Others, including vice presidential nominee Paul Ryan, have criticized the $2 trillion figure, but have failed to offer their own estimate of the likely costs of Romney’s promise. In particular, Romney supporters have singled out an analysis by Travis Sharp of the Center for New American Security (CNAS), and have accused Sharp and CNAS of running cover for Obama. In earlier remarks to reporters, Zakheim asserted that the $2 trillion was concocted by Democrats, for shock value, and that it should therefore be taken with a grain of salt.


As to the question of how the additional Pentagon spending would be paid for, James Carafano at the Heritage Foundation shared some ideas with Ratnam and Capaccio. Romney may be able to reach the 4 percent of GDP goal by the end of the first term and still cut deficits as he has promised “with two caveats,” Carafano explained. Romney would have to get “tax reform done and address long-term entitlement spending.”


Slowly but surely, we are starting to understand Romney’s promise. And who said presidential campaigns were a waste of time?


A few clarifications are still in order, however.

First, the claim that the $2 trillion figure was created by Democrats and the president’s supporters is false. I first estimated–before Travis Sharp did–the likely costs of Romney’s four percent pledge here. Since then, I have twice revisited my estimates (here and here), settling most recently on two figures: $1.85 trillion in additional spending if Romney reached the 4 percent target in 4 years; $1.7 trillion if he reached it at the end of his second term. I noted, also, the remaining unknowns: what is included within the base budget, and GDP (I have deliberately used CBO projections, the most conservative — Obama/​OMB and Romney believe that GDP will grow faster). I also note that a number of others, none of them obvious “Obama supporters”, have questioned Romney’s 4 percent promise, including Byron Callan, a defense industry analyst with Capital Alpha Partners LLC, and the Center for Strategic and Budgetary Assessment’s Todd Harrison.


Second, the two “caveats” at the center of Carafano’s supposition that Romney could achieve his goal by the end of his first term without increasing the deficit are more than that; on the contrary, the belief that Mitt Romney can achieve long-term entitlement reform and fundamental tax reform within the next four years strains credulity to the breaking point.
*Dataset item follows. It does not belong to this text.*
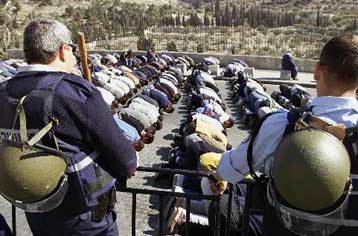 Σε συναγερμό η ισραηλινή αστυνομία στην Ιερουσαλήμ για την πρώτη Παρασκευή του Ραμαζανιού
The fundamental reform of “long-term entitlement spending,” though badly overdue, is not seriously on offer by either Republicans or Democrats, and would not generate significant savings in the short term, in other words, by the time that Romney wanted to ramp up military spending. His spending, therefore, would grow the deficit, at least in the short term.


Equally dubious is the presumption that far-reaching tax reform — the elimination of some deductions in exchange for lower marginal tax rates — is likely any time soon. For starters, many fiscal hawks oppose any reform that results in higher revenue. More revenue, by definition, is a tax increase, something that is still verboten among most Republicans. And with good reason. “The American people know,” said Michelle Dimarob, spokeswoman for House Ways and Means Committee Chairman Dave Camp (R‑Mich.), “when Washington politicians call for higher taxes it is to fuel more Washington spending.” “Americans,” Dimarob concluded, “don’t want to pay more in taxes to bailout Washington.”


She’s right, and they don’t change their tune when the Pentagon is doing the spending. This study (.pdf, Q56) found that a plurality (including 52.2 percent of Republicans) are opposed to paying higher taxes in order to fund a still larger military. Other recent polls have found that Americans support military spending cuts (here, here and here), and barely one in four Americans (27 percent) believe that we should be spending more, according to a recent Rasmussen survey. In short, Pentagon spending boosters might succeed in pushing through a tax increase, but this would likely be unpopular with voters.


So, after all of this, I’m still left with two nagging questions: will Mitt Romney’s promise to spend more on the military win him votes? And, if he is elected, can he achieve his goal of spending 4 percent of GDP on the Pentagon without raising taxes or increasing the deficit?